> **Supplied data**:

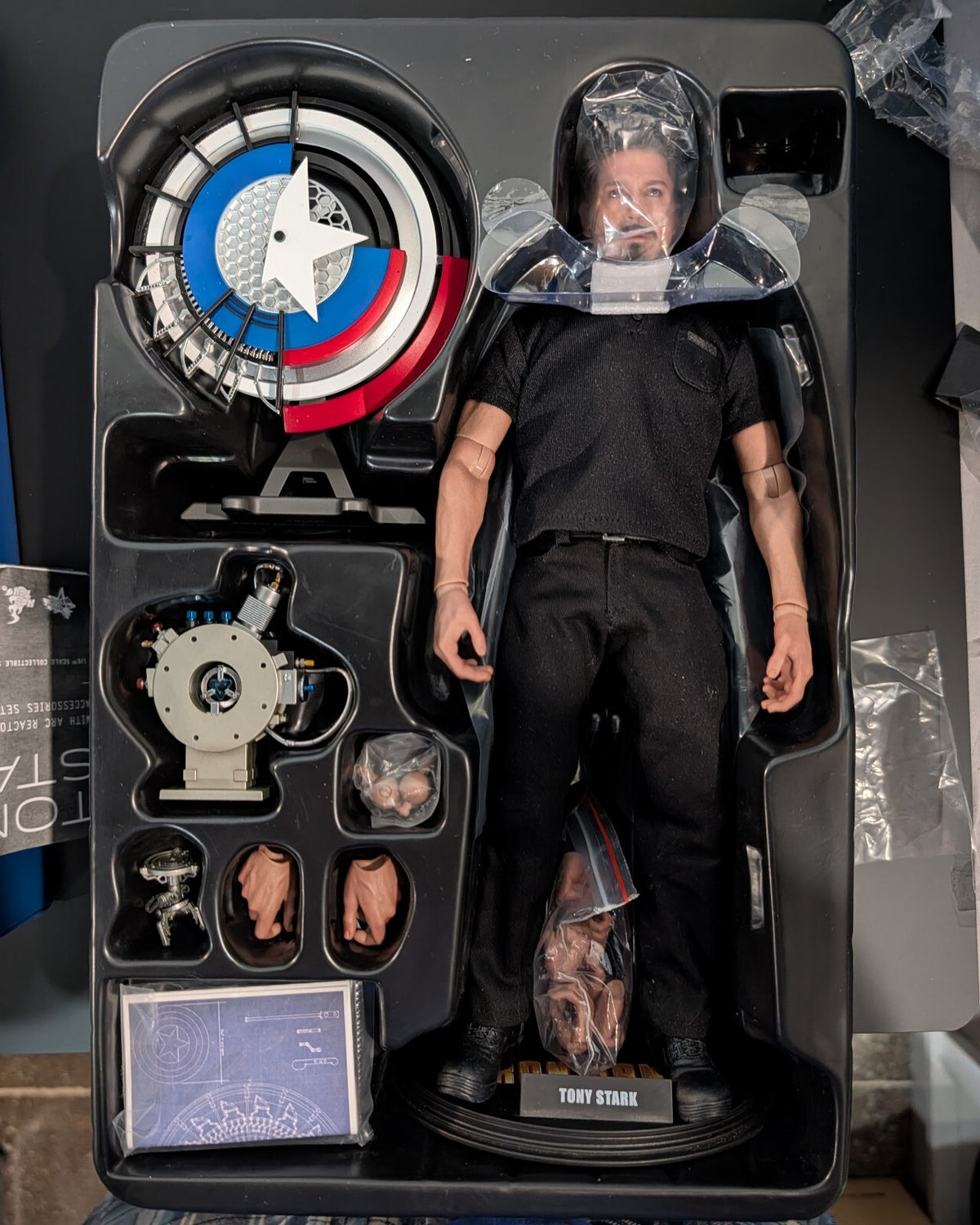 Hot Toys MMS273 Marvel Iron Man 2 Tony Stark with Arc Reactor Accessories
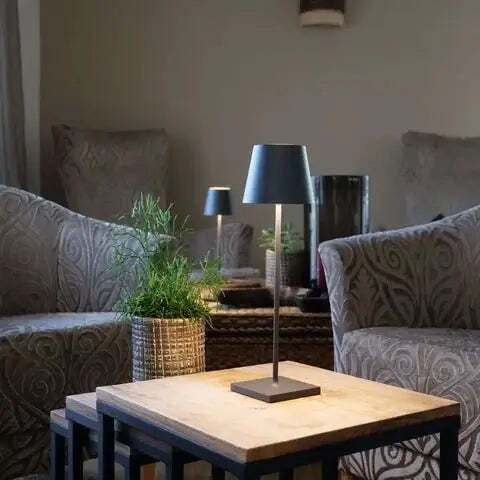 Outdoor Touch Table Lamps Desk Modern Bedroom Light Rechargeable Bar Cordless Restaurant Table Lamp with USB Charging Port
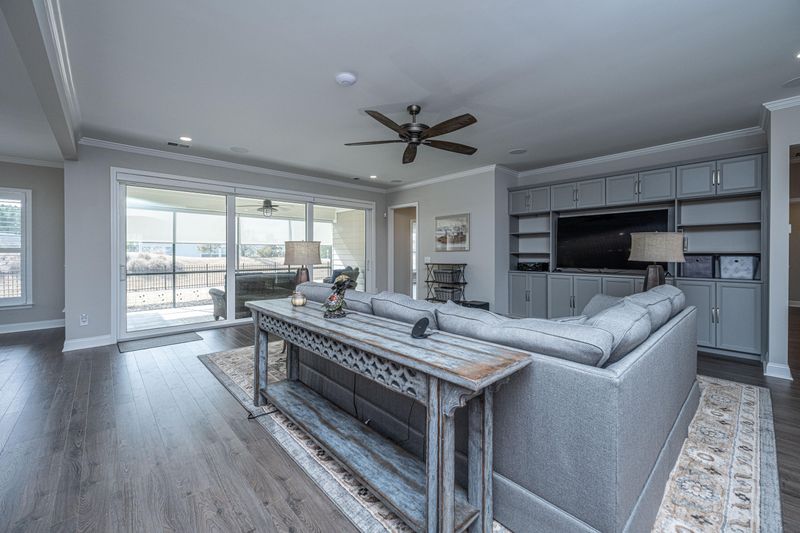 107 Camelia Park Ln, Summerville, SC 29486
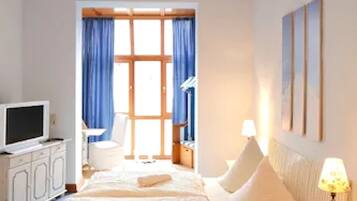 Phòng đôi Superior | Trang trí khác biệt, bàn, truy cập Internet không dây miễn phí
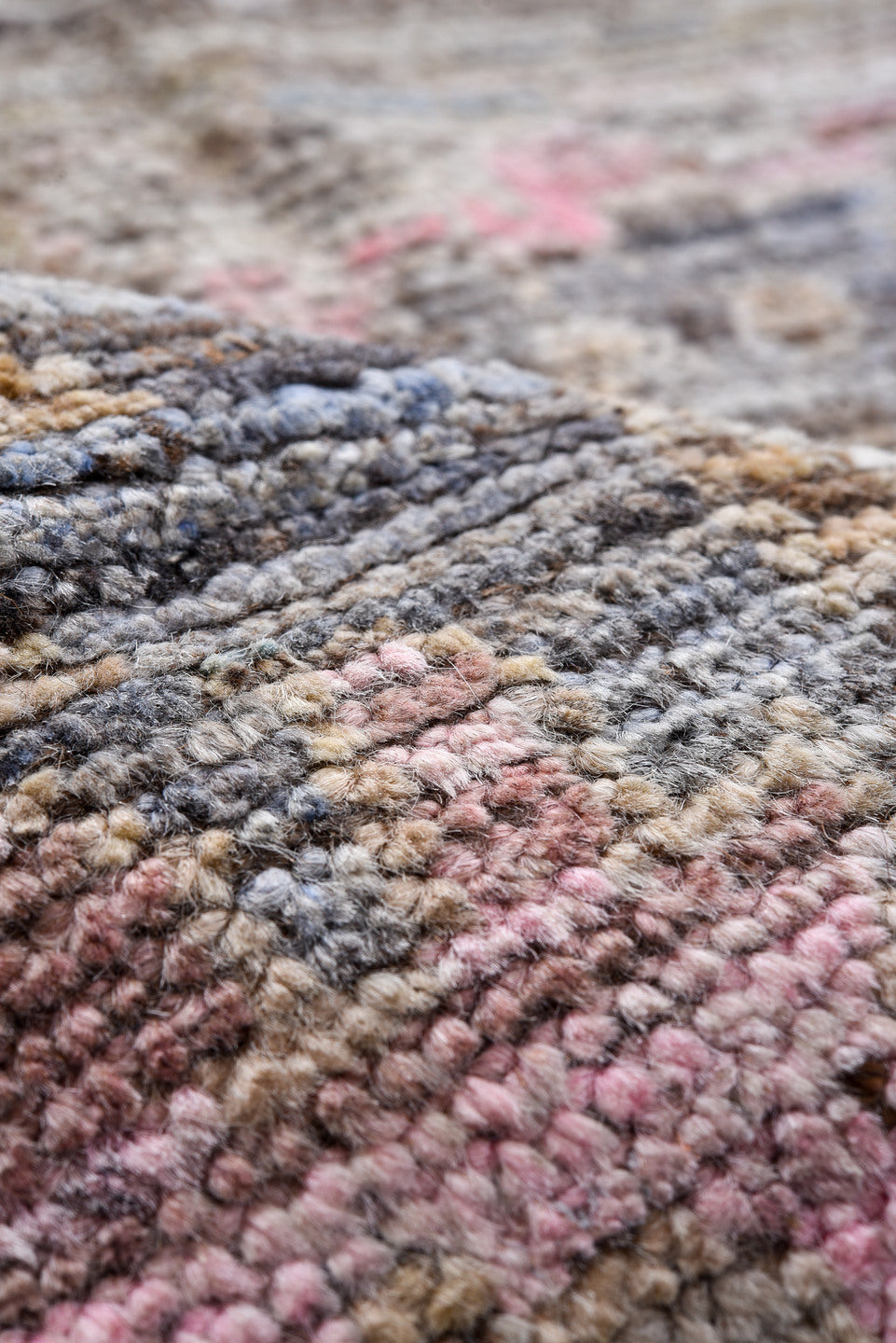 8' x 10' one-of-a-kind handmade vintage Oushak large size rug. Color palette: gray, ivory, blush, taupe, rust, slate, peach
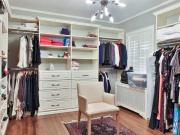 apartment at M5P2P2, Toronto, Canada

> **Your task**:
In the copy, include every entry above exactly and leave out each picture.

> **Exercise answer**:
 Hot Toys MMS273 Marvel Iron Man 2 Tony Stark with Arc Reactor Accessories
 Outdoor Touch Table Lamps Desk Modern Bedroom Light Rechargeable Bar Cordless Restaurant Table Lamp with USB Charging Port
 107 Camelia Park Ln, Summerville, SC 29486
 Phòng đôi Superior | Trang trí khác biệt, bàn, truy cập Internet không dây miễn phí
 8' x 10' one-of-a-kind handmade vintage Oushak large size rug. Color palette: gray, ivory, blush, taupe, rust, slate, peach
 apartment at M5P2P2, Toronto, Canada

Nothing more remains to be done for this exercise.